#### Task data
* * * * * * *
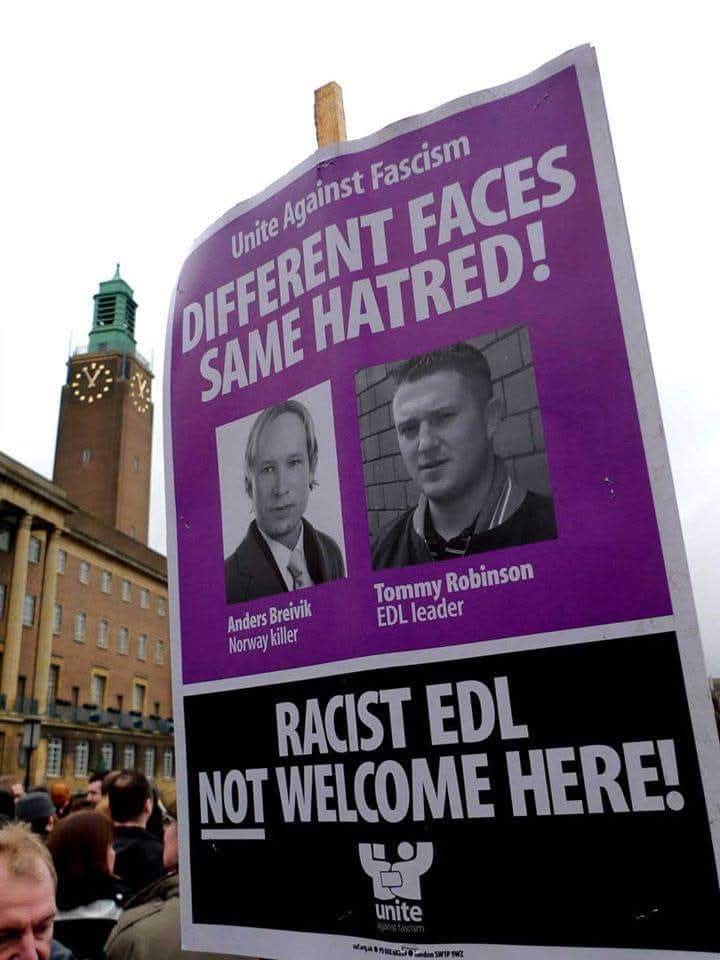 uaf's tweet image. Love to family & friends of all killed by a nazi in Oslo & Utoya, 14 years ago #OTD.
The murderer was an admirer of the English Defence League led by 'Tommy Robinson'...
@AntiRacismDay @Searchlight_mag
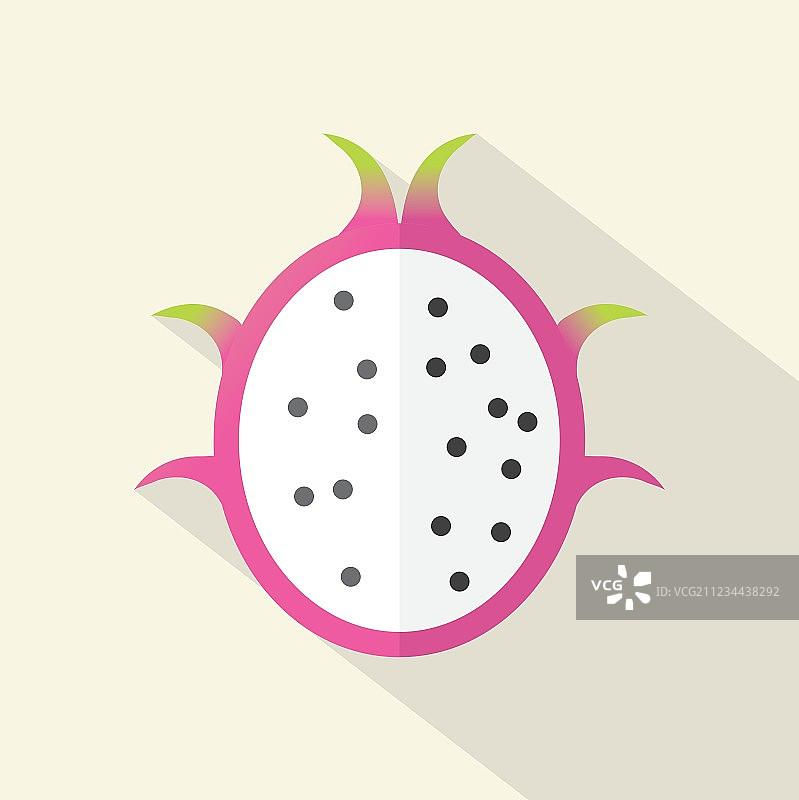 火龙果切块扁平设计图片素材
* * * * * * *
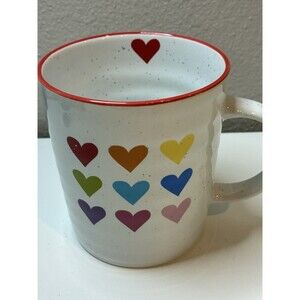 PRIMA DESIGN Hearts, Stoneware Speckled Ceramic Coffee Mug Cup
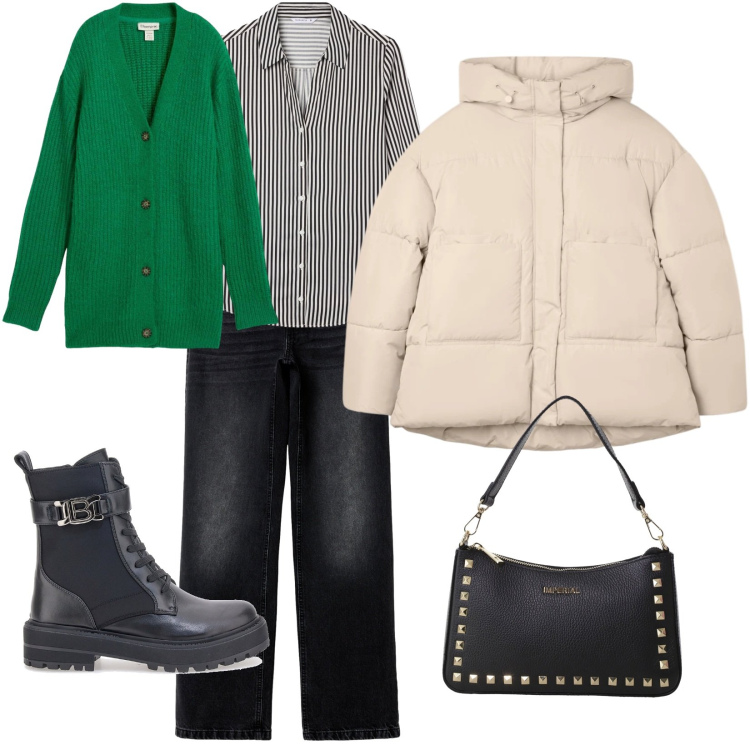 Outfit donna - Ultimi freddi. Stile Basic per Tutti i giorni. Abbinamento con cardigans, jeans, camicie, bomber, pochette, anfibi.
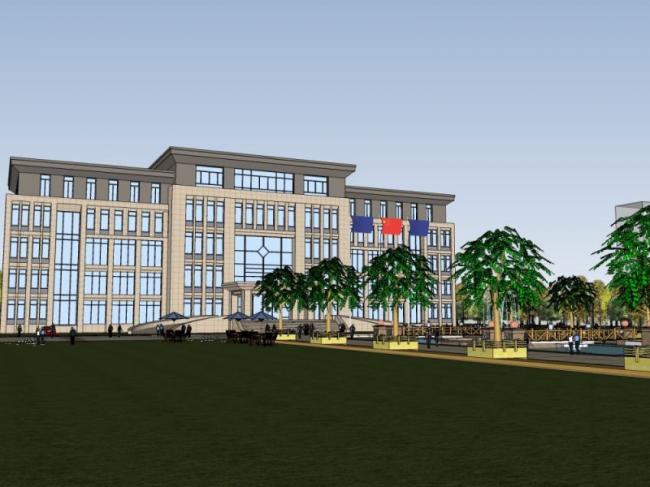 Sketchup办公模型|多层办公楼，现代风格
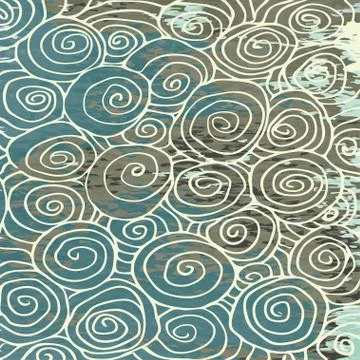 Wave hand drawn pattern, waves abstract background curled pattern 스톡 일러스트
* * * * * * *
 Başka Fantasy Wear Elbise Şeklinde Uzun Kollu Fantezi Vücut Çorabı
* * * * * * *
#### Activity
In the listing above, find the line with "Sketchup办公模型|多层办公楼，现代风格" and the line with "Wave hand drawn". Copy both of them and every line between, exactly, but not the pictures.

#### Exercise answer
 Sketchup办公模型|多层办公楼，现代风格
 Wave hand drawn pattern, waves abstract background curled pattern 스톡 일러스트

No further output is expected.